Fooling Clarifai's content moderation model

In this post, we describe the Content Moderation model hosted by Clarifai which we attack using our query-based black-box attack. We mainly experiment with a 256x256 pixel RGB image of various kinds of opioids, which is meant to be flagged by the content moderation API as an image of drugs.

my alt text — Image of different kinds of opioids (benign image).

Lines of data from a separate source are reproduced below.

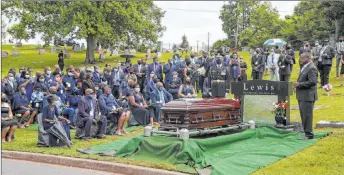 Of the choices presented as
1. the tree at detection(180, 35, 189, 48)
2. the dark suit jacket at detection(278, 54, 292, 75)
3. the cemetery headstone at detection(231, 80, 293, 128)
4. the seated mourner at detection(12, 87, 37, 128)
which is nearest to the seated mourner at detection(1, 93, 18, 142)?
the seated mourner at detection(12, 87, 37, 128)

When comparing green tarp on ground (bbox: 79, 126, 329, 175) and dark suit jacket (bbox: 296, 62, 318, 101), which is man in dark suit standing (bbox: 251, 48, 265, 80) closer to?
green tarp on ground (bbox: 79, 126, 329, 175)

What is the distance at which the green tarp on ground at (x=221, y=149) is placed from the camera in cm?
980

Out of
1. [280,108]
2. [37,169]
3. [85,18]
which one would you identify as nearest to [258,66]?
[280,108]

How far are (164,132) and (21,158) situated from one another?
333cm

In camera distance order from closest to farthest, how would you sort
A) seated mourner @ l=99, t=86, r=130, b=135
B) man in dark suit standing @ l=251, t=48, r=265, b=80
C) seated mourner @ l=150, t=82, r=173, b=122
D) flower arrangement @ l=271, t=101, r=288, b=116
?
flower arrangement @ l=271, t=101, r=288, b=116 < seated mourner @ l=99, t=86, r=130, b=135 < seated mourner @ l=150, t=82, r=173, b=122 < man in dark suit standing @ l=251, t=48, r=265, b=80

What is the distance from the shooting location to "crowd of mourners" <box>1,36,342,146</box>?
13734 millimetres

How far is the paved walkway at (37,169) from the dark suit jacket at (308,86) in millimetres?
4612

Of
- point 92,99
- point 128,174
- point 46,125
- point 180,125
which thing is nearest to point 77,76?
point 92,99

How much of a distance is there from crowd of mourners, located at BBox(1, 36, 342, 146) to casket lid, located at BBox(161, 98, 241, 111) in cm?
251

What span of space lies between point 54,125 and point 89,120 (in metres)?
1.14

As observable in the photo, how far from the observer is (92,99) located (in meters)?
14.0

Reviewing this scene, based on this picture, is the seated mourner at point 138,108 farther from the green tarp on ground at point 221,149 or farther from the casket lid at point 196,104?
the casket lid at point 196,104

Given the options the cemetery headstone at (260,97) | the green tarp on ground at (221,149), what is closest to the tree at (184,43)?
the cemetery headstone at (260,97)

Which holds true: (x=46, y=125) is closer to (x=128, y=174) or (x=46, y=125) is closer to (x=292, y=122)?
(x=128, y=174) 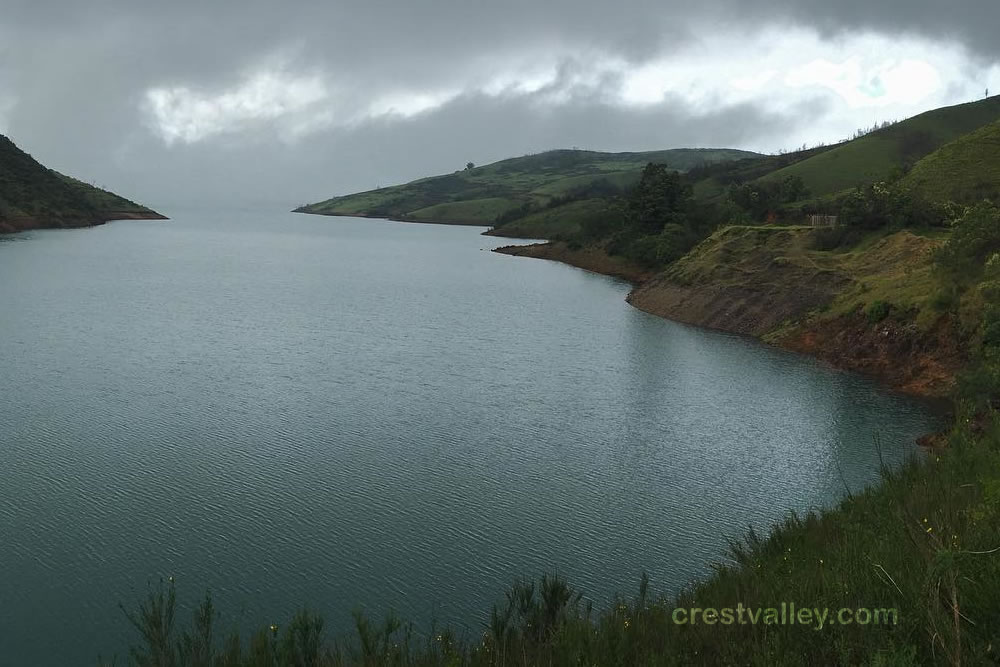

When the API returns the classification outcome for this image, it returns the following dictionary:

{u'outputs': [{u'created_at': u'2017-09-14T23:05:00.048935594Z',
   u'data': {u'concepts': [{u'app_id': u'main',
      u'id': u'ai_8QQwMjQR',
      u'name': u'drug',
      u'value': 0.99996763},
     {u'app_id': u'main',
      u'id': u'ai_V76bvrtj',
      u'name': u'explicit',
      u'value': 2.3027327e-05},
     {u'app_id': u'main',
      u'id': u'ai_kBBGf7r8',
      u'name': u'gore',
      u'value': 1.756333e-05},
     {u'app_id': u'main',
      u'id': u'ai_RtXh5qkR',
      u'name': u'suggestive',
      u'value': 1.3455325e-05},
     {u'app_id': u'main',
      u'id': u'ai_QD1zClSd',
      u'name': u'safe',
      u'value': 7.980809e-06}]},
   u'id': u'dc69ebb54fd942488ffa4dd488d16e8b',
   u'input': {u'data': {u'image': {u'base64': u'true',
      u'url': u'https://s3.amazonaws.com/clarifai-api/img2/prod/small/c0b5b6be99074a458dd6f7062f2452b8/a2805bdf4f8f4e70a8d699969488623a'}},
    u'id': u'ddbf3fa9cc414f12988aba5827cc53fb'},
   u'model': {u'app_id': u'main',
    u'created_at': u'2017-05-16T19:20:38.733764Z',
    u'display_name': u'Moderation',
    u'id': u'd16f390eb32cad478c7ae150069bd2c6',
    u'model_version': {u'created_at': u'2017-05-16T19:20:38.733764Z',
     u'id': u'b42ac907ac93483484483a0040a386be',
     u'status': {u'code': 21100,
      u'description': u'Model trained successfully'}},
    u'name': u'moderation',
    u'output_info': {u'message': u'Show output_info with: GET /models/{model_id}/output_info',
     u'type': u'concept',
     u'type_ext': u'concept'}},
   u'status': {u'code': 10000, u'description': u'Ok'}}],
 u'status': {u'code': 10000, u'description': u'Ok'}}

On this image, the classifier’s confidence that the image belongs to the concept class ‘drugs’ is 0.99, which is given in the ‘concepts’ output. The classifier’s confidence that the image is ‘safe’ is negligible.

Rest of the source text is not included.